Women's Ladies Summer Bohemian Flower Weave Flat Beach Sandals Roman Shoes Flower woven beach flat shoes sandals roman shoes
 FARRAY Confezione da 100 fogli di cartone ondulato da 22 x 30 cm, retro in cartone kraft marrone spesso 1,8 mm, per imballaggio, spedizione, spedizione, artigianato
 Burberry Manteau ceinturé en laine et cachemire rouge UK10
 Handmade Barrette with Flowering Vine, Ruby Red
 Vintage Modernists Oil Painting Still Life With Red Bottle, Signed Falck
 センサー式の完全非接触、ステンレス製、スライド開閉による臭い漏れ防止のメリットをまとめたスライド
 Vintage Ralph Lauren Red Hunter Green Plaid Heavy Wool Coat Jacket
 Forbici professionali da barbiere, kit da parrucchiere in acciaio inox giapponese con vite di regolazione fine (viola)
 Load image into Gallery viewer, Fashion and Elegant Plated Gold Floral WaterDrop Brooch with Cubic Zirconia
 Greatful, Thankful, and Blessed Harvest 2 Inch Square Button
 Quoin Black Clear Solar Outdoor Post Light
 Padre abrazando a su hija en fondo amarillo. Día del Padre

Work task:
Everything from the line with "Quoin Black Clear Solar Outdoor Post Light" to the end of the listing above needs to be duplicated exactly, both end lines included, with nothing more.

Answer for the task:
 Quoin Black Clear Solar Outdoor Post Light
 Padre abrazando a su hija en fondo amarillo. Día del Padre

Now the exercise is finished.